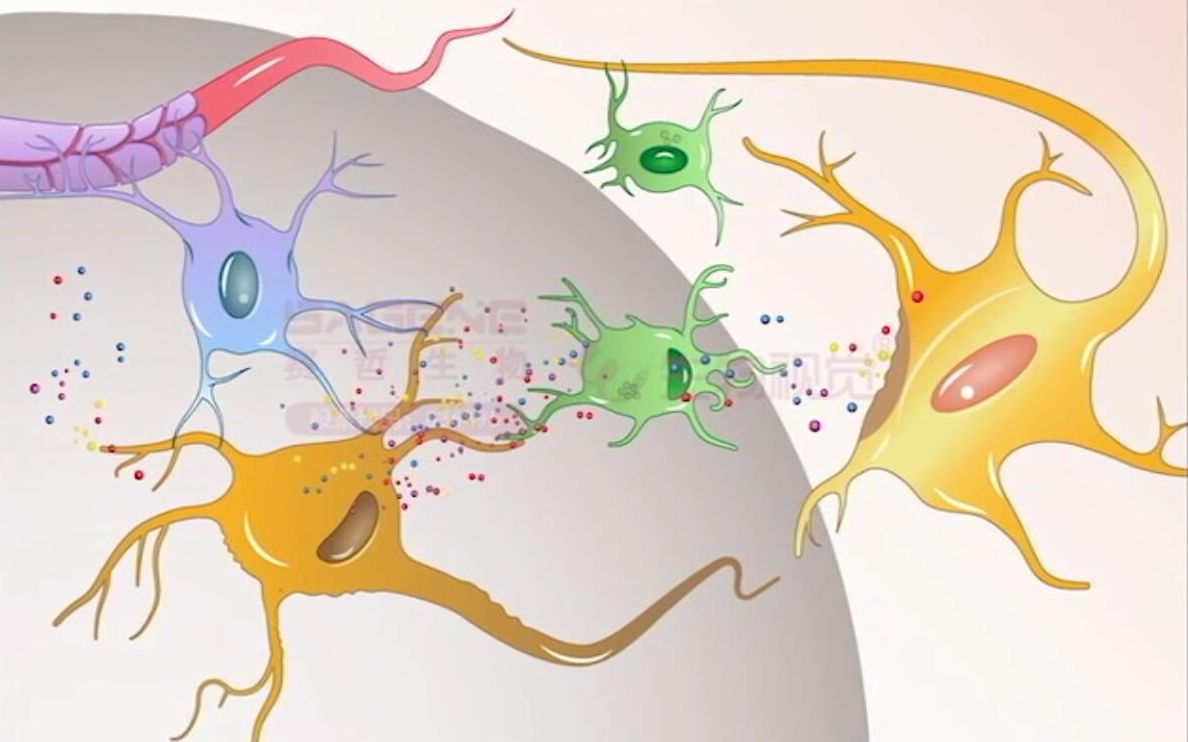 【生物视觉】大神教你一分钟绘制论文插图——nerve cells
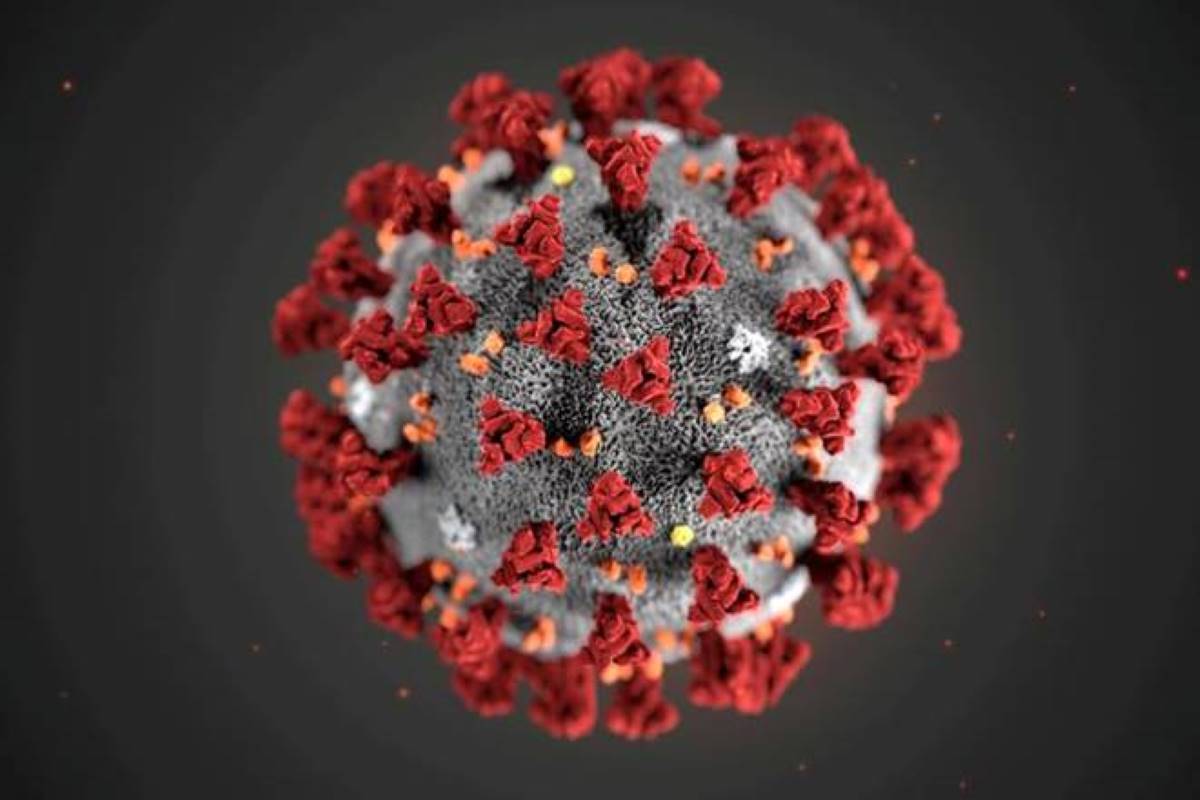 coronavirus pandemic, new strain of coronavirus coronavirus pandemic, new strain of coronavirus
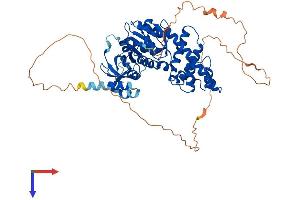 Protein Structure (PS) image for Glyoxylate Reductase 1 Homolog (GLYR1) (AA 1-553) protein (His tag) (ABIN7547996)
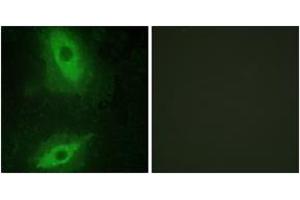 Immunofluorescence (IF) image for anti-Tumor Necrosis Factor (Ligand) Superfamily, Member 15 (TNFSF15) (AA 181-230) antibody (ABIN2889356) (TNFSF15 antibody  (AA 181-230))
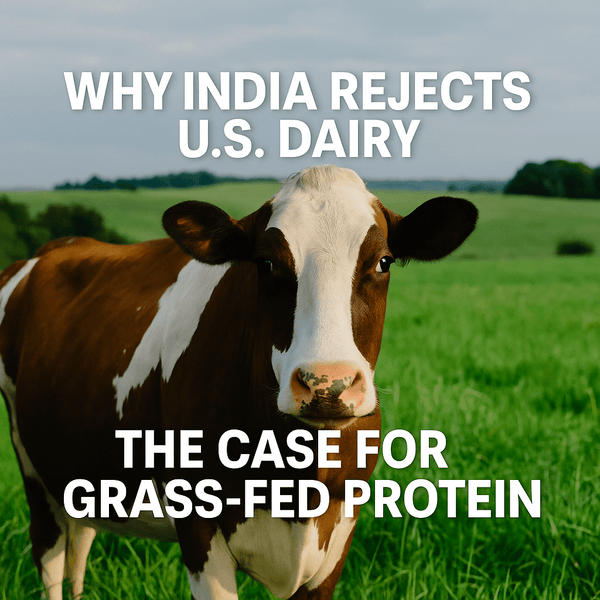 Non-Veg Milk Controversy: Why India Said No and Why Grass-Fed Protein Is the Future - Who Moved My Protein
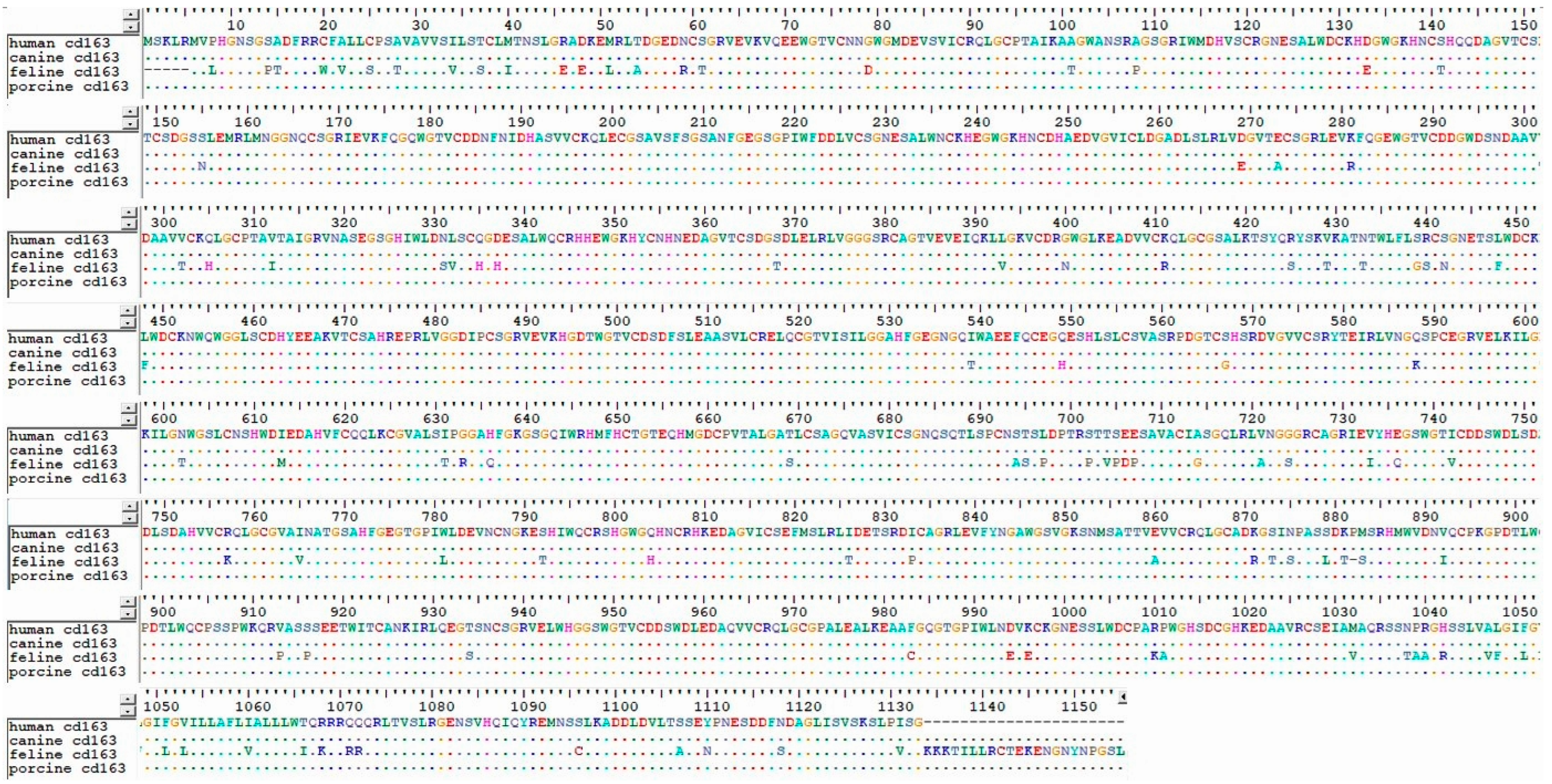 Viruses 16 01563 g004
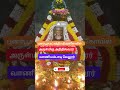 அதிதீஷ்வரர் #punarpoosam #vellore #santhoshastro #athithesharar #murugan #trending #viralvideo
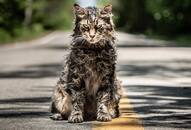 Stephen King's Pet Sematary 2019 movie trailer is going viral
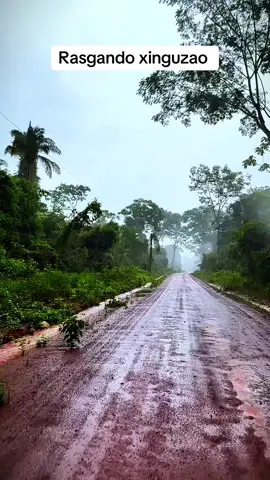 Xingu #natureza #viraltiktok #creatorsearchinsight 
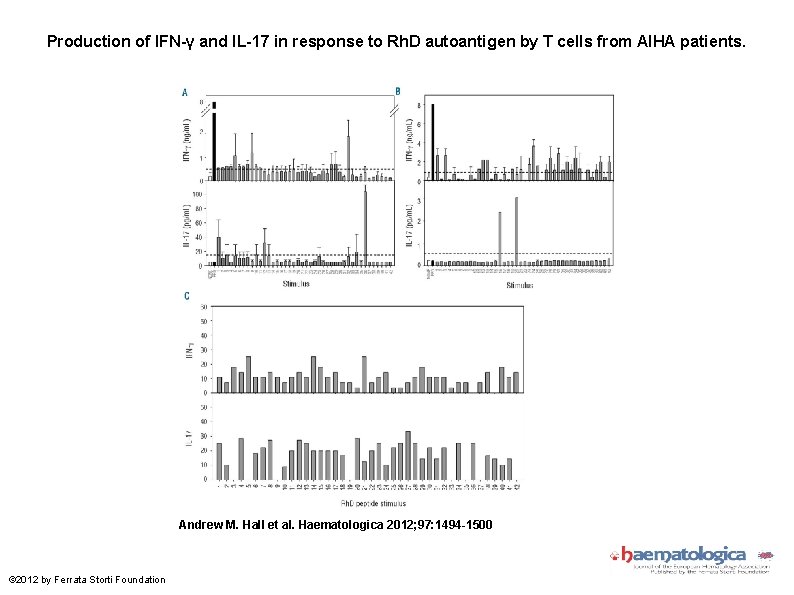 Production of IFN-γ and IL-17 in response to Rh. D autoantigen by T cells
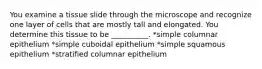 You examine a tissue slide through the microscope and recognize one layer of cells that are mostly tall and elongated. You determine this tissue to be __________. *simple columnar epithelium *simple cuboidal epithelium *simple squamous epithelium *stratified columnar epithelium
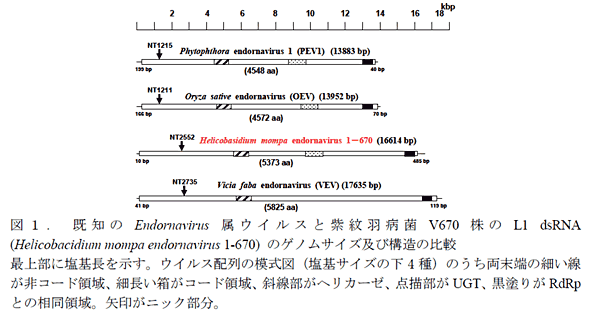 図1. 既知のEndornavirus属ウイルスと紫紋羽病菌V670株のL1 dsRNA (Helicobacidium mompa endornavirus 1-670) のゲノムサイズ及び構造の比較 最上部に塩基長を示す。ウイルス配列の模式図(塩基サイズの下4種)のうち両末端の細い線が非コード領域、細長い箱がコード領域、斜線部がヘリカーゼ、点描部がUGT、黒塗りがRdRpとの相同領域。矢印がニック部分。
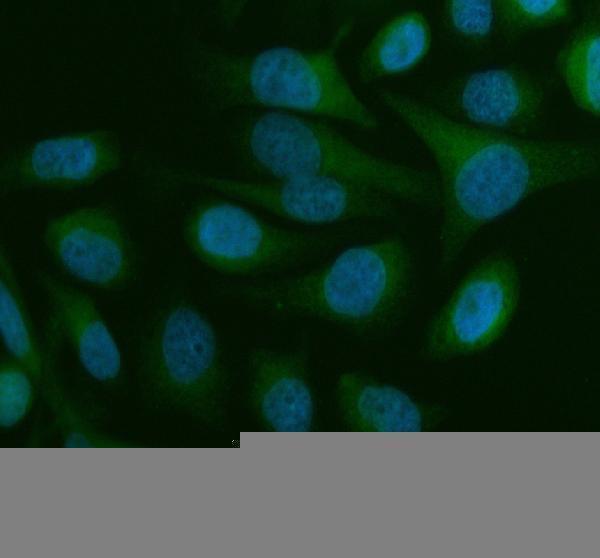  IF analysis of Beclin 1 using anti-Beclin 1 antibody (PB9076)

## YOUR GOAL
Return only the lines running from the start of the entries above to the line that contains "அதிதீஷ்வரர் #punarpoosam #vellore", inclusive, and omit every picture.

## ANSWER TO THE PROBLEM
 【生物视觉】大神教你一分钟绘制论文插图——nerve cells
 coronavirus pandemic, new strain of coronavirus coronavirus pandemic, new strain of coronavirus
 Protein Structure (PS) image for Glyoxylate Reductase 1 Homolog (GLYR1) (AA 1-553) protein (His tag) (ABIN7547996)
 Immunofluorescence (IF) image for anti-Tumor Necrosis Factor (Ligand) Superfamily, Member 15 (TNFSF15) (AA 181-230) antibody (ABIN2889356) (TNFSF15 antibody  (AA 181-230))
 Non-Veg Milk Controversy: Why India Said No and Why Grass-Fed Protein Is the Future - Who Moved My Protein
 Viruses 16 01563 g004
 அதிதீஷ்வரர் #punarpoosam #vellore #santhoshastro #athithesharar #murugan #trending #viralvideo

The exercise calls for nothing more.